Lembrei, naquele momento, que devo voltar com uma imagem que eu usava em minhas palestras, que é uma frase do cineasta chileno Alejandro Jodorowisky que diz: “pássaros criados em gaiolas acreditam que voar é uma doença”.
Por muito tempo, e ainda hoje, temos o infeliz hábito de considerarmos uns superiores aos outros: homens melhores que mulheres, brancos melhores que negros, etc. Se foi algo culturalmente aprendido, que seja culturalmente desconstruído. Não é fácil, mas é preciso que se faça.
Lembro que ao assistir a série “O conto da AIA” vivi, a cada capítulo, dias de muita tensão. Nunca na minha vida vivenciei tanto mau humor quanto o período em que me dedicava a assistir à série. Pensei em interromper, desistir e parar de pensar sobre aquilo, mas eu precisava levar adiante, terminar e refletir sobre tudo que a ficção descortinava da realidade. Comprei o livro e ainda não o li.
Mas é preciso coragem.
Coragem.
Lembrei de Guimarães Rosa em um trecho do romance “Grande Sertão: Veredas” que diz: “O correr da vida embrulha tudo, a vida é assim: esquenta e esfria, aperta e daí afrouxa, sossega e depois desinquieta. O que ela quer da gente é coragem. O que Deus quer é ver a gente aprendendo a ser capaz e ficar alegre a mais, no meio da alegria, e inda mais alegre, ainda no meio da tristeza!”.
E o alegre no meio da tristeza não é contentamento, mas é lucidez, alerta, despertar. É conseguir, na tristeza, enxergar a saída. A dor é um componente da vida, mas não faço apologia a ela. Ela existe, virá. Gosto muito da vertente defendida por especialistas que dizem que ela, a dor, pode nos ser uma mestra, quando conseguimos passar por ela e, ainda, aprender algo.

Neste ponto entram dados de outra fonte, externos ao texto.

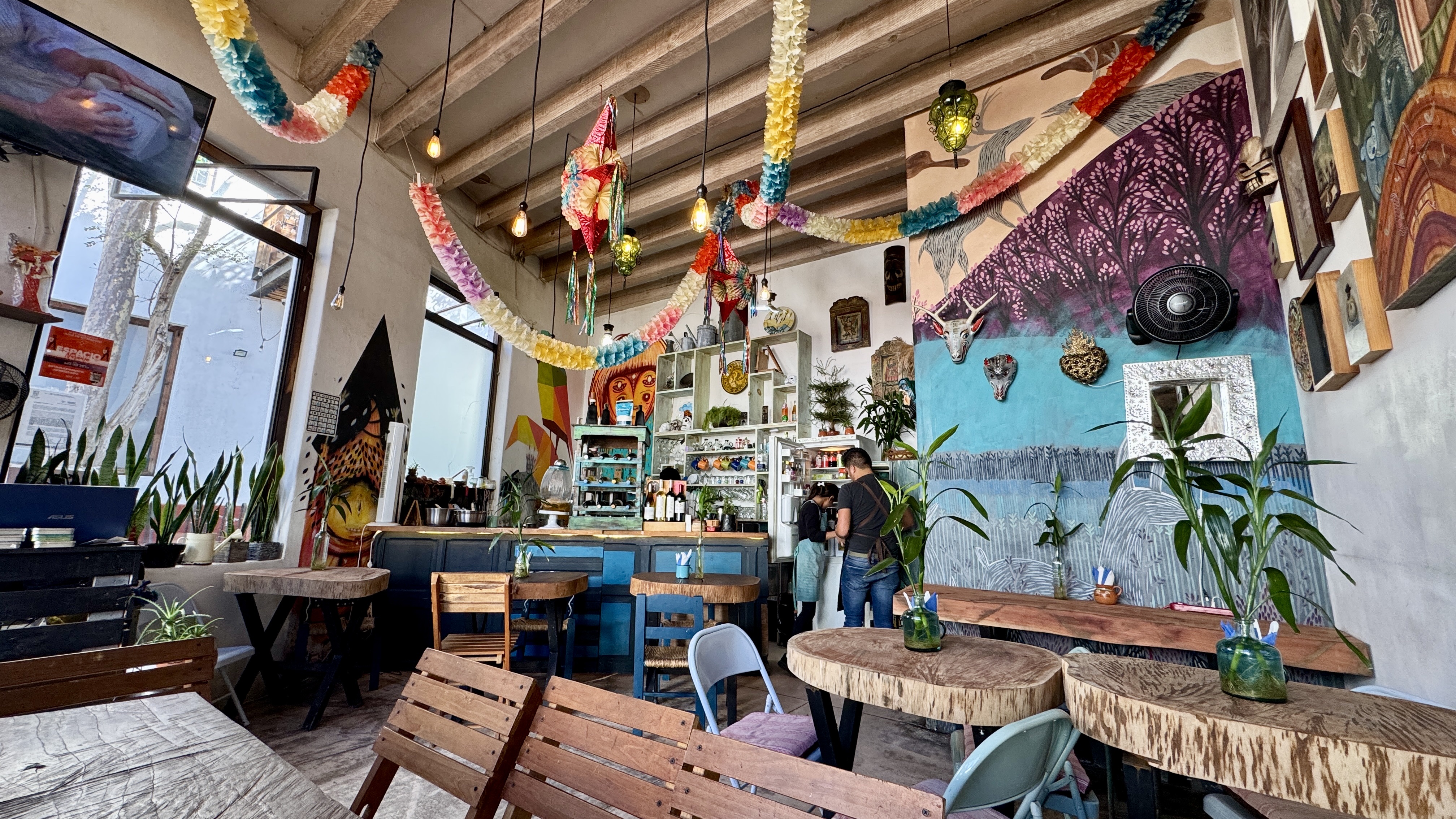 La chiquita | Restaurante Valle de bravo image 1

Ao sair daquele abraço, aquela mulher me olhou rapidamente e me disse que por muitas vezes ela pensou em tirar sua própria vida, pois ela não era capaz de fazer um homem feliz. Rindo e chorando ao mesmo tempo, enxugando as lágrimas, ela continuou, dizendo algo assim: que bobagem, né? Eu me mato para fazer ele feliz e eu mesmo, nesta relação, só fui feliz no início. Depois fui escravizada, aceitei e quando quis sair, já não via mais possibilidades. Parece que as correntes são em formato de um polvo, que nos prendem as mãos, os pés, a língua, o cérebro e tudo mais. Nós nem sexo fazemos mais, mas ele não quer sexo, ela quer um corpo estendido aos seus pés.

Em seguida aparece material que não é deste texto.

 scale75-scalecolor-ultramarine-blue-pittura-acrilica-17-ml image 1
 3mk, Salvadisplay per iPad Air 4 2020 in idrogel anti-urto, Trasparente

Eu fiquei assustado. As pessoas esperando de um lado, o auditório sendo fechado. Desconsiderei tudo aquilo e vi que aquela pessoa ali era a que mais importava naquele momento. Ela respirou forte, sorriu e disse: “sabe de uma coisa? Quem precisa morrer é esta mulher que se cegou nesta relação. Sou muito mais que isso, mas deixei me apagar. Estou viva e é assim que vai ser”.
Isso tudo foi em poucos minutinhos. Eu não disse nada, foi ela mesma quem conseguiu organizar todas aquelas ideias enquanto nos abraçávamos.
A mulher tem medo até mesmo de despertar: ela pode ser julgada pela sociedade, violentada pelo parceiro, desprezada por pessoas próximas. E é por tudo isto que nós todos temos que evoluir, para ao contrário de condenar, acolher.